The fragment of the metamorphic rock eclogite in which the garnet that encased the ferric-iron-rich majorite sample was found in Northern China.
Image is courtesy of Yingwei Fei.
They used several different kinds of analytical techniques to determine the chemistry and structural characteristics of this majorite formed deep inside the Earth. In order to determine the exact depth of its origin, Carnegie’s postdoc Renbiao Tao conducted high-pressure experiments that mimicked the formation conditions of natural majorite. The team pinpointed its origin to a depth of nearly 250 miles (400 kilometers), at the bottom of the soft part of the upper mantle, called the asthenosphere, which drives plate tectonics.

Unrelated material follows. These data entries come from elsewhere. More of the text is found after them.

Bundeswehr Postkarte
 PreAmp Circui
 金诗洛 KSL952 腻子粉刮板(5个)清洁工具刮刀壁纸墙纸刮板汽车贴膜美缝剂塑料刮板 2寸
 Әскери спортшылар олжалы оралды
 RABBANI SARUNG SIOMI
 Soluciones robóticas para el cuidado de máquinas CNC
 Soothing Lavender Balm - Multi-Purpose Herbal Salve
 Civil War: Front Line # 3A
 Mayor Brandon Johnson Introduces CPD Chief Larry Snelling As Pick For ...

It is extremely unusual that a high-pressure majorite could survive transportation from such a depth. Adding to the strange circumstances is the fact that it was later encased by a garnet that formed at a much shallower depth of about 125 miles (200 kilometers). The nesting-doll sample’s existence required two separate geological events to explain, and these events created a time capsule that the researchers could use to better understand the Earth’s deep history.
“This two-stage formation process offers us important clues about the mantle’s evolutionary stage at the time when the majorite was first formed,” Fei explained.
The sample’s location and depth of origin indicate that it is a relic from the end of an era of supercontinent assembly that took place about 1.8 billion years ago. Called Columbia, the supercontinent’s formation built mountain ranges that persist today.
“More research is needed to understand how the majorite became so oxidized, or rich in ferric iron, and what this information can tell us about mantle chemistry. We are going back to the site this summer to dig deeper trenches and hope to find fresh rocks that contain more clues to the deep mantle,” Fei added.